Nevertheless, nearly three-quarters of America’s children remain in government-assigned public schools, all too many of which fail to provide even a safe learning environment, let alone a good education. Scandalously, American teachers’ unions are doing everything in their power to restrict parental choice in education. And thanks to their deep pockets, they often have the political clout to succeed.
To understand the power of teachers’ unions to block even the most promising educational reforms, consider the ongoing struggle over school choice in our nation’s capital.

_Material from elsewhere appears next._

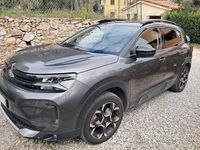 Usata Citroën C5 Aircross Shine 131 CV (96 kW) 2022 Grigio SUV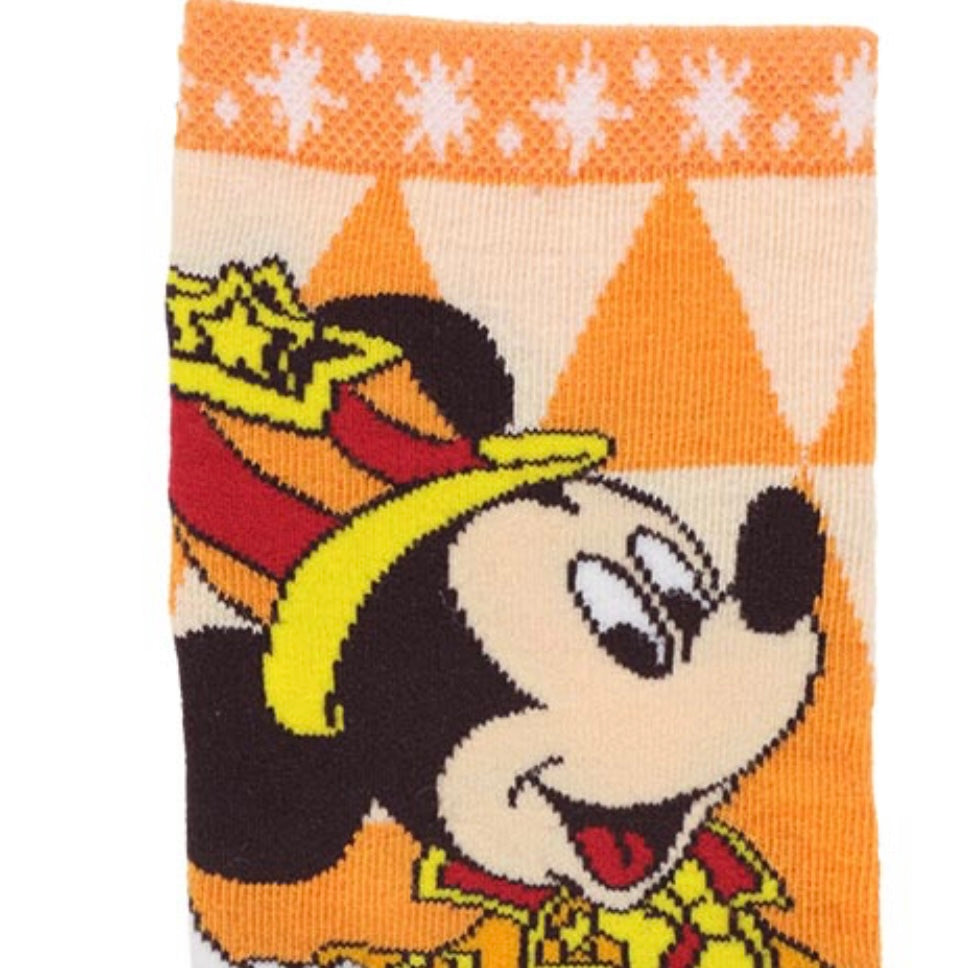Tokyo DisneyLand 40th Dream Go Round - 襪子set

Today, public schools in Washington, D.C., enjoy the dubious distinction of leading the nation in violence while ranking among the lowest in academic performance.
That’s why the DC Opportunity Scholarship Program, launched in 2004, was such a breakthrough. According to a federally mandated evaluation, the use of an opportunity scholarship resulted in the equivalent of 3.7 months in additional learning for students. Moreover, these $8,500 scholarships, which enable students to attend a private school, are half the cost of the $18,000 per-pupil price tag for a year in a D.C. public school.
Yet the program has been at the heart of a pitched battle for survival over the last few years, with the teachers’ unions gunning for it at every turn.
Today, American education stands at a crossroads. One path leads to increased government centralization, fewer parental choices, and a greater role for special interests. The other path leads to increased parental authority and a return to the constitutional principle that education policy is primarily a state and local affair and shouldn’t be set in Washington.
Which path we ultimately go down will depend on the fate of school choice.